● Exercise requirements
Return every record below exactly as written, omitting any pictures.

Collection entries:

········

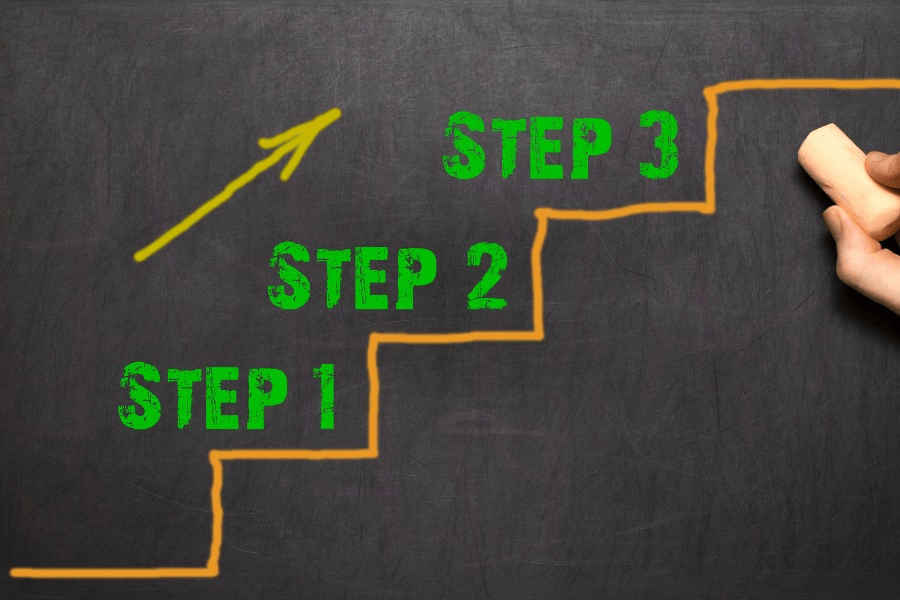 kintone(キントーン)でワークフローを設定する3つの手順とは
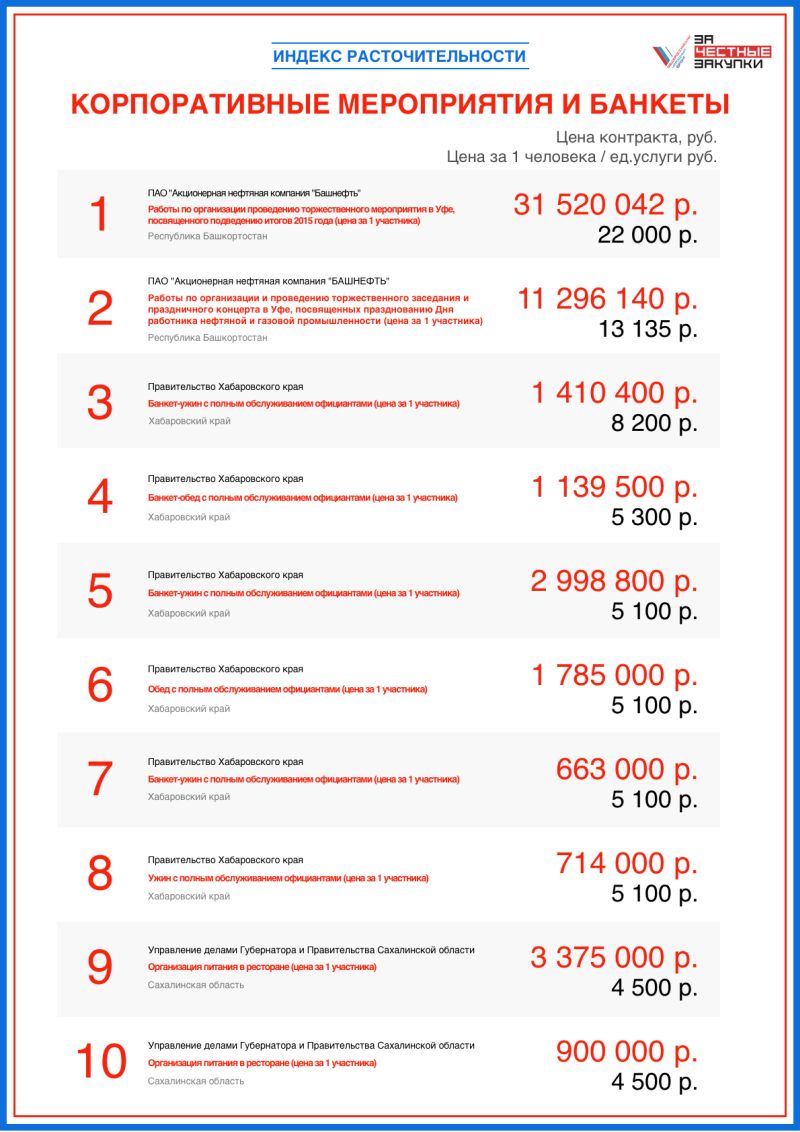 Банкеты России - 2015 года
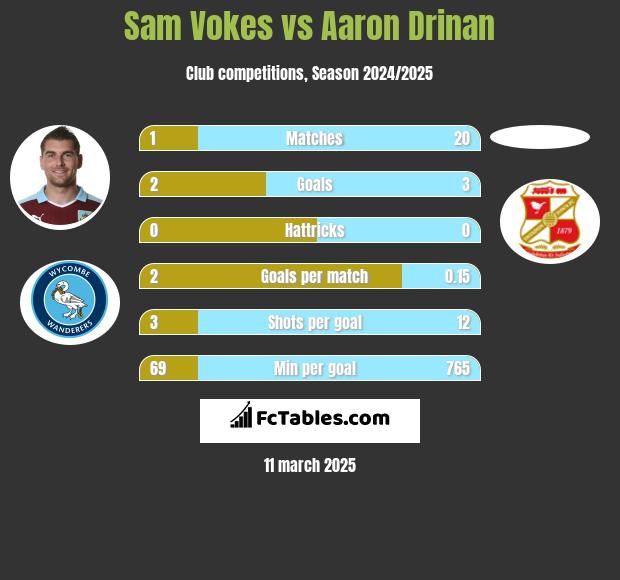 Sam Vokes vs Aaron Drinan h2h player stats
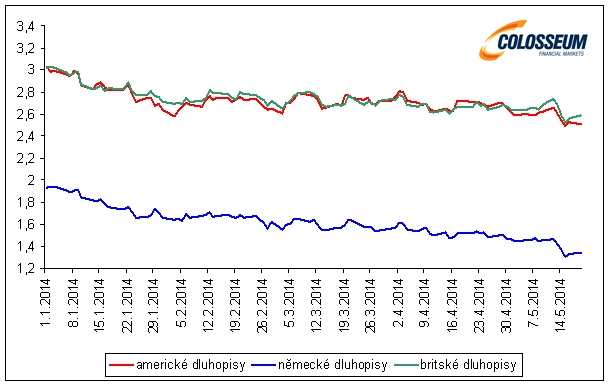 obr1-2014-05-24-2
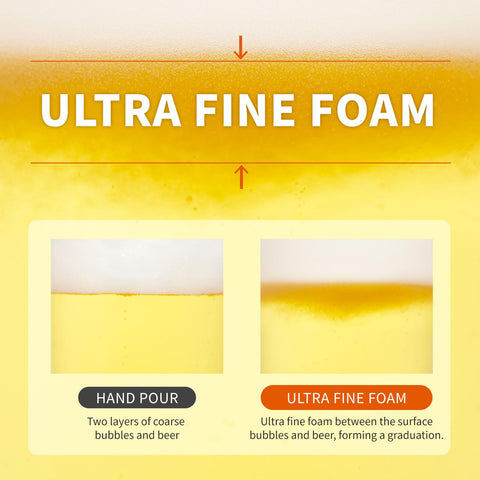 GREEN HOUSE beer foam creamy-layer focuses on silky texture for at-home draft experience.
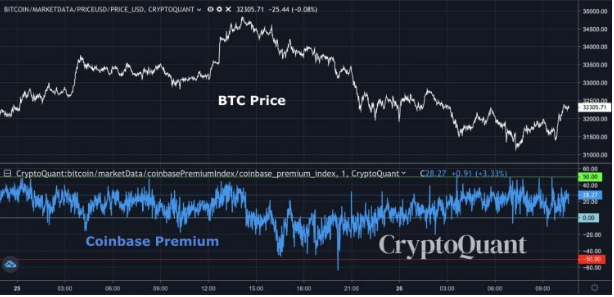 coinbase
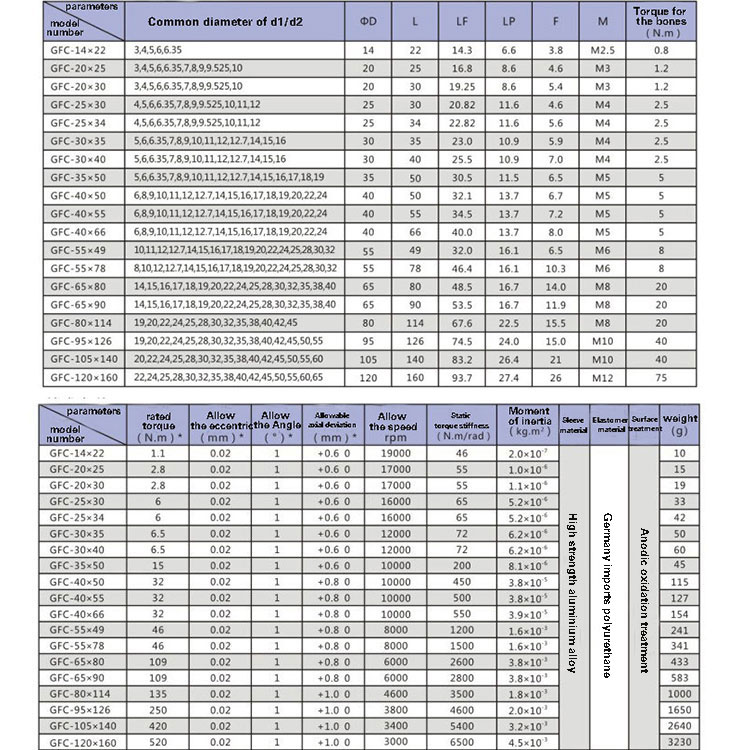 Oxidation Motor Aluminum Flexible Coupling Spider Sliding Shaft Coupling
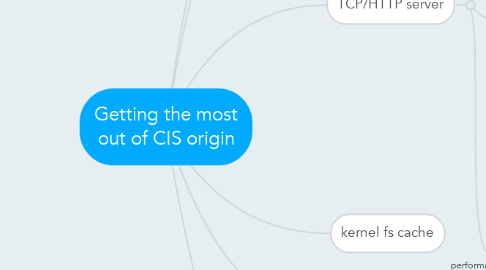 Mind Map: Getting the most out of CIS origin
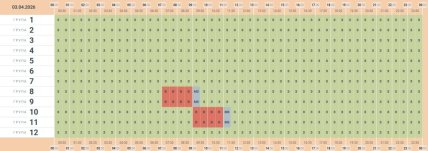Графік відключення світла у Чернівцях та області 03.04.2026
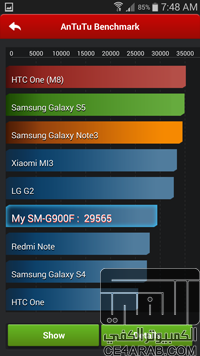 إستمتع بمزايا S5 على تلفونك S4 i9505 مع هذه الروم الممتازة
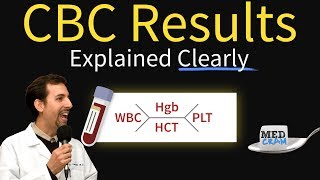 Complete Blood Count  CBC Interpretation Leukocytosis [upl. by Aivilys308]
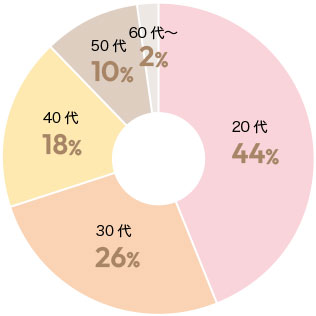 九州支社 年代割合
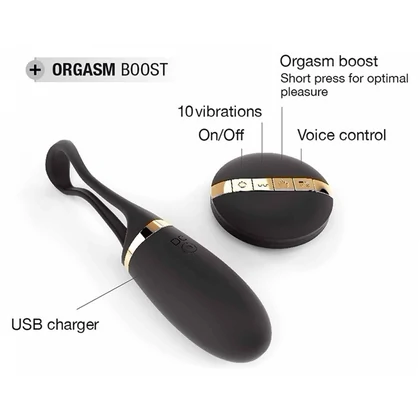 Vibrator Dorcel Secret Delight Egg Negru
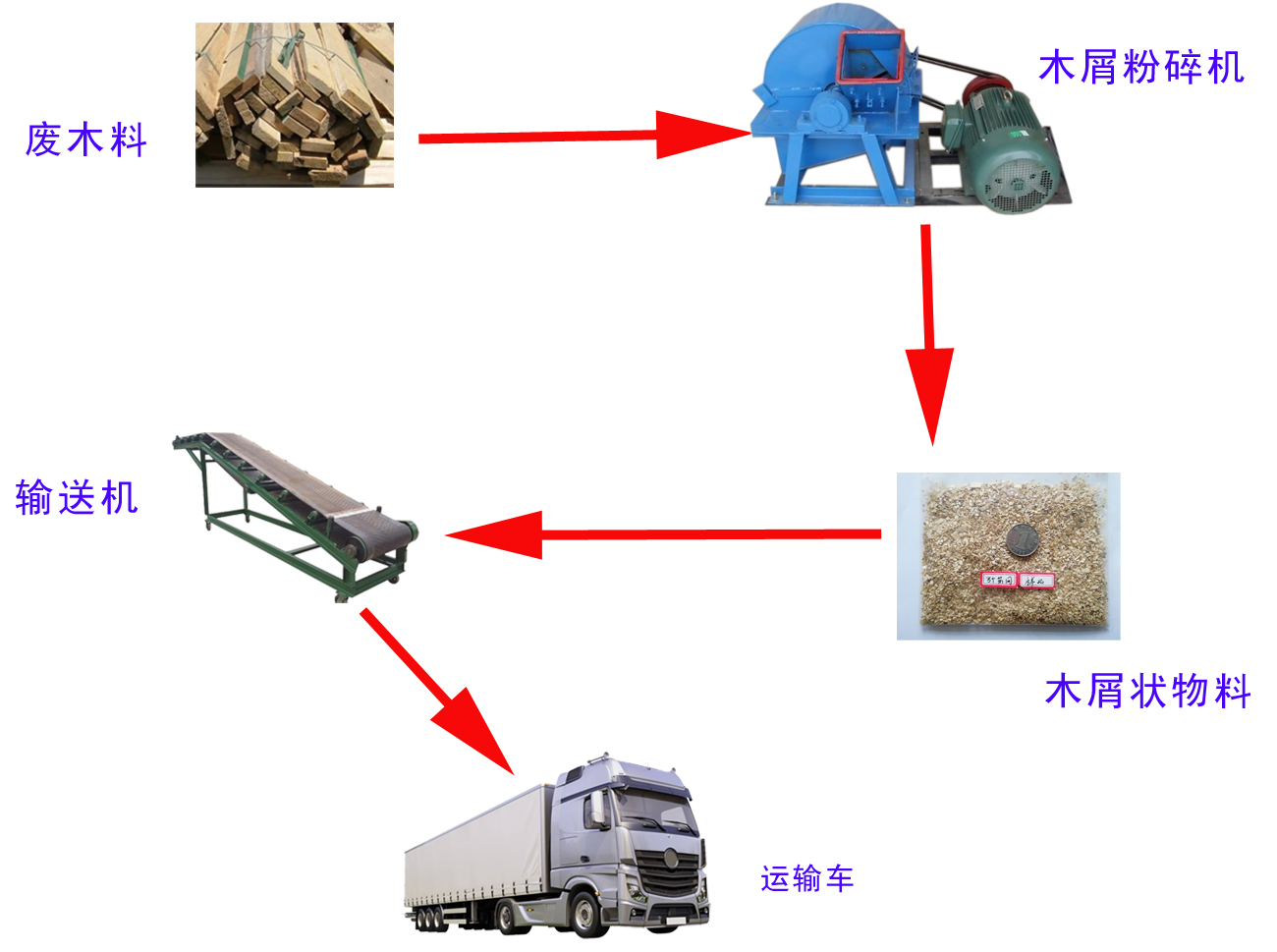 木屑粉碎设备成套生产线配置图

········

● Response to this exercise
 kintone(キントーン)でワークフローを設定する3つの手順とは
 Банкеты России - 2015 года
 Sam Vokes vs Aaron Drinan h2h player stats
 obr1-2014-05-24-2
 GREEN HOUSE beer foam creamy-layer focuses on silky texture for at-home draft experience.
 coinbase
 Oxidation Motor Aluminum Flexible Coupling Spider Sliding Shaft Coupling
 Mind Map: Getting the most out of CIS origin
Графік відключення світла у Чернівцях та області 03.04.2026
 إستمتع بمزايا S5 على تلفونك S4 i9505 مع هذه الروم الممتازة
 Complete Blood Count  CBC Interpretation Leukocytosis [upl. by Aivilys308]
 九州支社 年代割合
 Vibrator Dorcel Secret Delight Egg Negru
 木屑粉碎设备成套生产线配置图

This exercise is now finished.